Last Thursday, the Dow dove 2,350 points, triggering an automatic, 15-minute shut down.
On Friday the 13th, following President Trump declaring a Covid-19 State of Emergency, the Dow Jones Industrial Average snapped back with its greatest point gain since 2008, up 2,710 points.
However, the market closed down almost 9 percent on the week.
Despite the Federal Reserve’s surprise interest rate cut on Sunday, dropping rates to zero, there was no confidence on the Street when the markets opened Monday. Trading on the New York exchange was halted briefly after the S&P plunged 7.6 percent.
The NASDAQ shed 970 points to end Monday at 6,904.
The S&P gave up over 4 percent on the day to end at 2,385.
The S&P has dropped 12 percent over the past four weeks, erasing $3 trillion in value in its worst performance since 2011.
The CBOE Volatility Index, which gauges investors’ expectations of market turbulence, rose to 62 on 9 March, its highest intraday mark since 2008.
The 10-year treasury note’s yield fell to 0.71 percent briefly on Friday, then crept up to 0.99 percent, still in record territory below 1 percent.
Today, treasury yields jumped, with the 10-year U.S. rate breaking back above 1 percent on news of President Trump’s announcement of a trillion dollar stimulus plan. The news pushed the Dow up over 1,000 points
Gold closed Friday at $1,529, and it closed today at same price… off about 4 percent as debt-burdened investors sell out of the safe harbor to cover their market losses.
Despite its decline from last week’s $1,700 high, gold prices have climbed 10 percent since the first of the year and are up 20 percent over the last 12 months.
TREND FORECAST: We maintain our forecast that should gold break below $1,450, the bottom is $1,390 per ounce.
And, it should be noted that when equities were crashing at the onset of the Panic of ’08, gold prices did not sharply spike until 2009. Now, as it was back then, desperate stock market players are losing everything they have in equities and are using gold to cover margin calls and other investment losses.

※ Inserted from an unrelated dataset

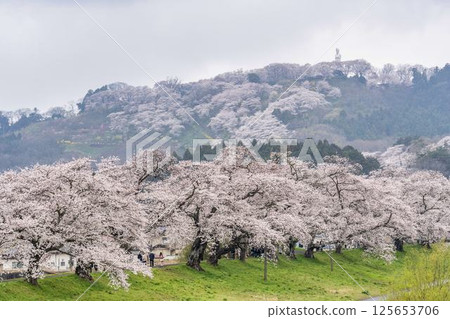 宮城縣柴田町白石川岸人千本櫻·船岡城跡公園 宮城縣柴田町白石川岸人千本櫻·船岡城跡公園 125653706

As markets continue to fall and economies crash, we maintain our forecast that when gold prices break above $1,730, they will rapidly spike well above $2,000 per ounce.
Silver prices continue their dive. Since silver is used in industry and the “Greatest Depression” has begun, its price will not climb with gold… until economic conditions considerably deteriorate and people flock to more affordable silver as a safe-haven asset
TREND FORECAST: With each passing day, with no hard data to support their actions, from presidents to governors to small town mayors, politicians across the nation have declared emergency powers and with each day further lock down the nation.
Everything from the butcher, the baker, hi-tech, heavy industry, movie theaters restaurants… from schools to the NBA season shutting down… both Main Street and Wall Street are simultaneously crashing.
This has never happened in modern recorded history.
When stock markets crashed in the past, Main Street would be hit by the aftershock.
Therefore, we forecast a long, continual decline of the once overvalued equity markets, since earnings will dramatically fall from the fallout of governments imposing mandated closures of business, events, and gatherings.
THE “GREATEST DEPRESSION” HAS BEGUN. It will be far worse than the Great Depression.
With gun sales in America suddenly spiking, people sense it.
Crime will dramatically rise.
From dishwashers to wait staff, chefs to restaurant owners… name the industry… from barbers to bank tellers, from concert halls to casinos, with 70 percent of Americans currently unable to pay for a unforeseen $400 expense, how will they pay their rent, phone bill, utilities, gas… when they are out of work and broke?
As Gerald Celente has long noted, “When people lose everything and have nothing left to lose, they lose it.” And as the “Greatest Depression” worsens, they will lose it like never seen before in modern history.
Already in a military state of mind, with governors calling in the National Guard, as crime rises, so, too, will police state activities to clamp it down.